Are algorithms and big data prejudice?
A great article worth reading with highlights below:
Are Algorithms Building the New Infrastructure of Racism? - Issue 55: Trust - Nautilus
We don't know what our customers look like," said Craig Berman, vice president of global communications at Amazon, to…
Big-data practitioners understand that large, richly detailed datasets of the sort that Amazon and other corporations use to deliver custom-targeted services inevitably contain fingerprints of protected attributes like skin color, gender, and sexual and political orientation.
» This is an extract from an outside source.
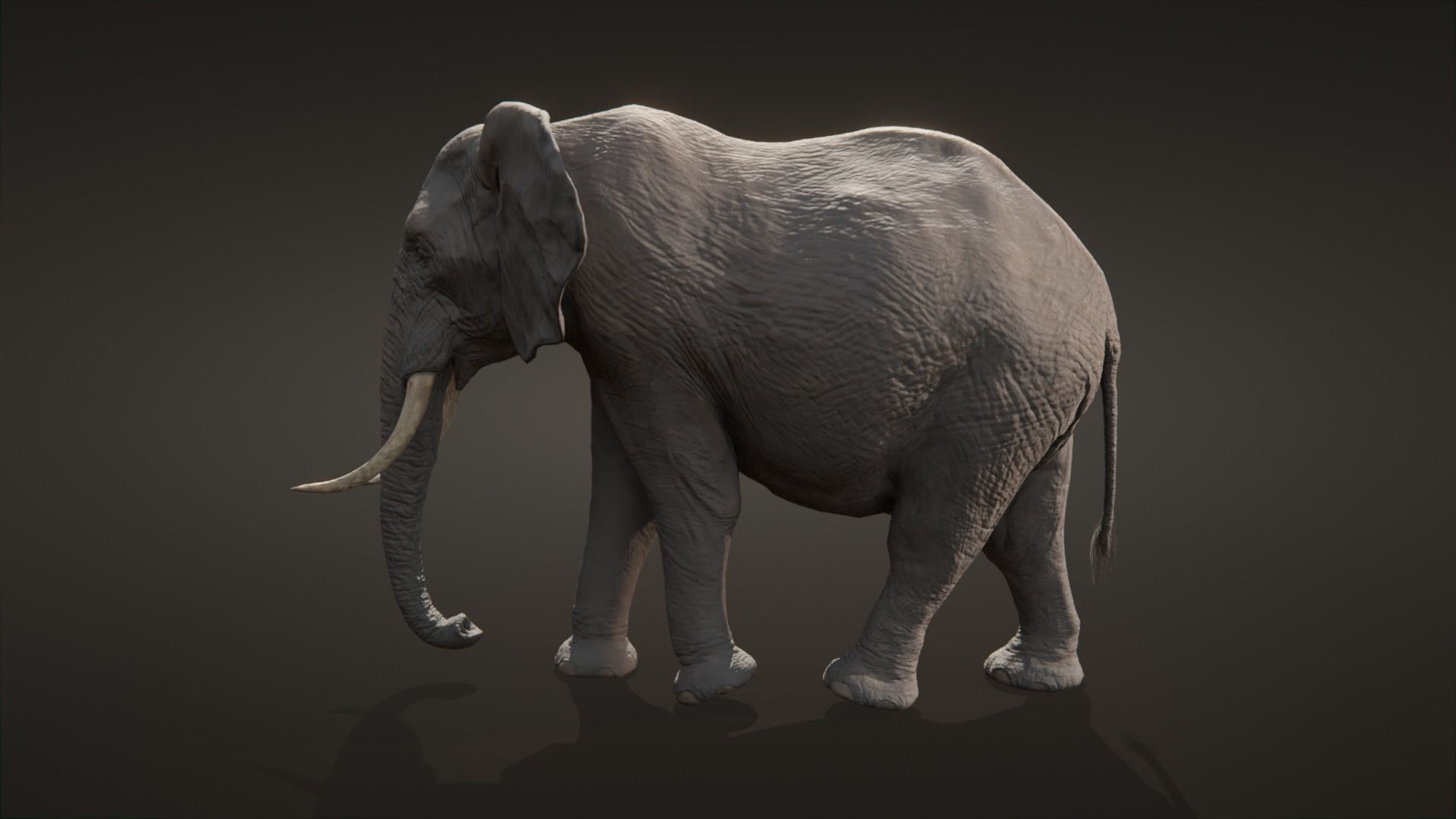 African elephant  Low-poly 3D model_8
The decisions that algorithms make on the basis of this data can, invisibly, turn on these attributes, in ways that are as inscrutable as they are unethical.
. . .
a fundamental question in algorithmic fairness is the degree to which algorithms can be made to understand the social and historical context of the data they use. “You can tell a human operator to try to take into account the way in which data is itself a representation of human history,” Crawford says. “How do you train a machine to do that?” Machines that can’t understand context in this way will, at best, merely pass on institutionalized discrimination — what’s called “bias in, bias out.”
. . .
Because persons that police classified as Afro-Americans were re-arrested more often in the training dataset, they claimed, COMPAS is justified in predicting that other persons classified as Afro-Americans by police — even in a different city, state, and time period — are more likely to be re-arrested. The cycling of classification into data then back into classification echoes W.E.B. Dubois’ 1923 definition, “the black man is the man who has to ride Jim Crow in Georgia.”
. . .
if prejudices are reflected, and thus transmitted, in the statistics of language itself, then the way we speak doesn’t just communicate the way we view each other, it constructs it. If de-biasing projects like Bolukbasi’s can work, we can begin to shift our biases at scale and in a way that was previously impossible: with software. If they don’t, we face the danger of reinforcing and perpetuating those biases through a digital infrastructure that may last for generations.
. . .
He points out that Bolukbasi’s paper assumes that gender is binary, or at least that the connection between gendered words follows a straight line. “I don’t think [we] have any clue of how [debiasing] can work for a concept that is perhaps marginally more complex,” he cautions. He points in particular to racial stereotypes, where the very notion of categories is as problematic as the means used to define them.
. . .
A Google Image search for “CEO,” for instance, produces images that are overwhelmingly of white men. Narayanan says that these problems may be overlooked in discussions of fairness because “they are harder to formulate mathematically — in computer science, if you can’t study something in formal terms, its existence is not as legitimate as something you can turn into an equation or an algorithm.”
. . .
what gets chosen is usually whatever is easiest to quantify, rather than the fairest.
. . .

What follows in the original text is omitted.